> _Brief_
Every entry that follows needs to be repeated exactly.

> _Supplied records_
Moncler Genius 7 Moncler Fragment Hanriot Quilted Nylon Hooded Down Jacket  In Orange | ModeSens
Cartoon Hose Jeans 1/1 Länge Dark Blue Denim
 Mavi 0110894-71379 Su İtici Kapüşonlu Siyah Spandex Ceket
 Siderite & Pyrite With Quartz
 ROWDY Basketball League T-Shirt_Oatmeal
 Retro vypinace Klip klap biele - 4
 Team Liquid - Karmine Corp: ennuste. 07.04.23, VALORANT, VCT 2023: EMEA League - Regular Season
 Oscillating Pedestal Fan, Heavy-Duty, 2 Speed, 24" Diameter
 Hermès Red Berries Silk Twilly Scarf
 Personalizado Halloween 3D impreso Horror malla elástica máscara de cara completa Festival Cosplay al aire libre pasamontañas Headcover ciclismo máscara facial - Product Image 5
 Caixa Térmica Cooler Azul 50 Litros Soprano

> _The completed task_
Moncler Genius 7 Moncler Fragment Hanriot Quilted Nylon Hooded Down Jacket  In Orange | ModeSens
Cartoon Hose Jeans 1/1 Länge Dark Blue Denim
 Mavi 0110894-71379 Su İtici Kapüşonlu Siyah Spandex Ceket
 Siderite & Pyrite With Quartz
 ROWDY Basketball League T-Shirt_Oatmeal
 Retro vypinace Klip klap biele - 4
 Team Liquid - Karmine Corp: ennuste. 07.04.23, VALORANT, VCT 2023: EMEA League - Regular Season
 Oscillating Pedestal Fan, Heavy-Duty, 2 Speed, 24" Diameter
 Hermès Red Berries Silk Twilly Scarf
 Personalizado Halloween 3D impreso Horror malla elástica máscara de cara completa Festival Cosplay al aire libre pasamontañas Headcover ciclismo máscara facial - Product Image 5
 Caixa Térmica Cooler Azul 50 Litros Soprano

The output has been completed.